Dogbrain said:
Quote SPECIFICALLY where I stated that this is what I wanted. I lay down the gauntlet. Where SPECIFICALLY did I say that this is what I was looking for? I challenge you to provide SPECIFIC QUOTES that this is what I was looking for.
Well, I could quote this:
Early Dogbrain said:
Once, twice, five-hundred times, it might be okay, but now it's just oldness and tiredness--a sign of a complete lack of imagination. Even Firefly decided to use this tired old cliche--Whedon could have done better, and I take it as a sign that he wasn't really trying when he decided to use such an overdone theme.
Your issue seems to be with the theme itself and not with whether or not the theme is done well. I don't see a use of tropes as being a sign of a complete lack of imagination -- although I will note that your position, if I am understanding you correctly, is a very popular one in the Old School Science Fiction field. Powerful editors decry "character stories" and "the same old thing, only with different characters" and call out for stories with new ideas -- and will, if directly asked, say that they would prefer a story with many original ideas and cardboard characters to a story with well-realized characters telling a popular (and thus, "done before") form of story.

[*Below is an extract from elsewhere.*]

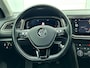Volkswagen T-Roc 1.0 TSI Style | LMV | Panorama dak | Navigatie | Parkeer sensoren | Trekhaak | Cruise control | Climate control | Apple carplay | Camera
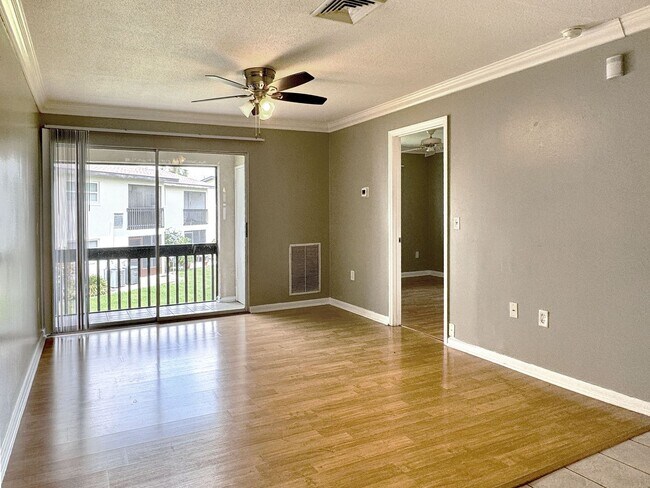 Foto del edificio - Delightful Two-Bedroom Condo in Winter Haven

I understand that you didn't
SPECIFICALLY say that you wanted it to be completely black and white. I didn't say that you said that. Please tell me what line made you believe that I said that you wanted that. I said that your idea didn't really interest me any more than any other, because I've seen it done badly, like any other idea. And I said I'd rather see an old-fashioned idea done well than a newfangled idea done badly. You brought up Firefly in a negative context, saying that you thought Whedon "wasn't really trying" when he came up with the idea for the Firefly universe. And yet, the Firefly universe is, in my opinion, a very original one, and an original one done well at that -- our heroes aren't paragons of virtue, space combat wasn't glamorized with sound effects or unrealistic dogfighting, and the protagonists served for the side that lost the civil war, with the exact ethics of which side was right and which side was wrong left deliberately unclear. Add to that the lack of aliens, the mixture of high-tech and low-tech, and the cultural diversity, and it seems like a fairly original concept. Perhaps you and I have different definitions of originality.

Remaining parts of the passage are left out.